> [What the exercise asks] A verbatim copy of the listing is needed; pictures are to be left out.

> [Dataset excerpt]

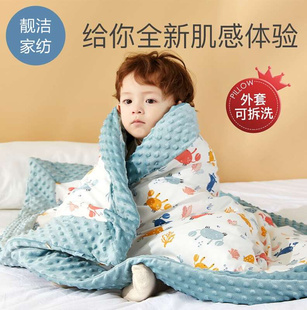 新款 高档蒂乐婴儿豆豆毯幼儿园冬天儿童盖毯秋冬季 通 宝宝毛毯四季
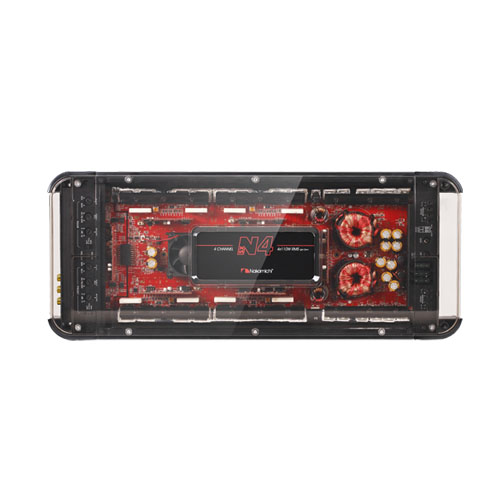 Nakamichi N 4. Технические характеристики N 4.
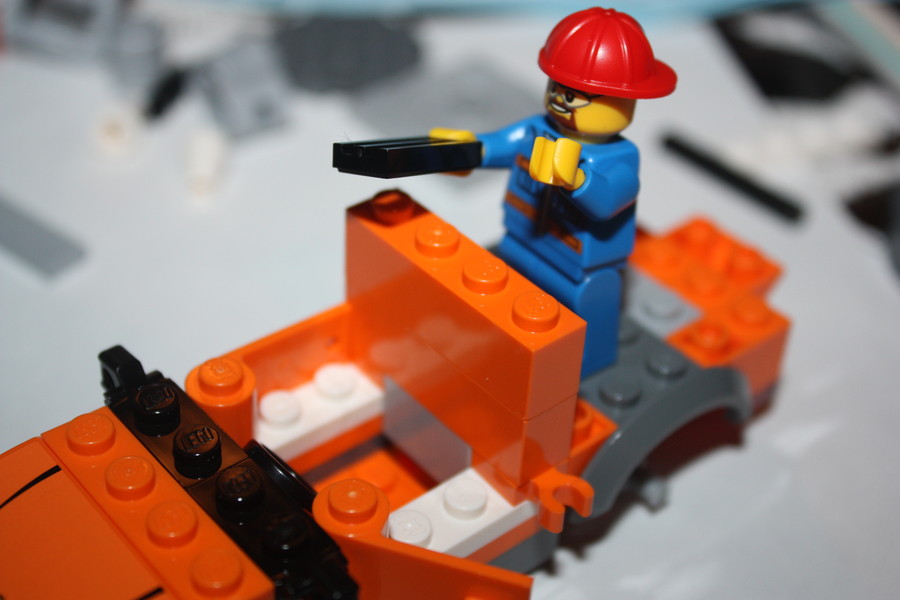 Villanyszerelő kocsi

> [Answer box]
 新款 高档蒂乐婴儿豆豆毯幼儿园冬天儿童盖毯秋冬季 通 宝宝毛毯四季
 Nakamichi N 4. Технические характеристики N 4.
 Villanyszerelő kocsi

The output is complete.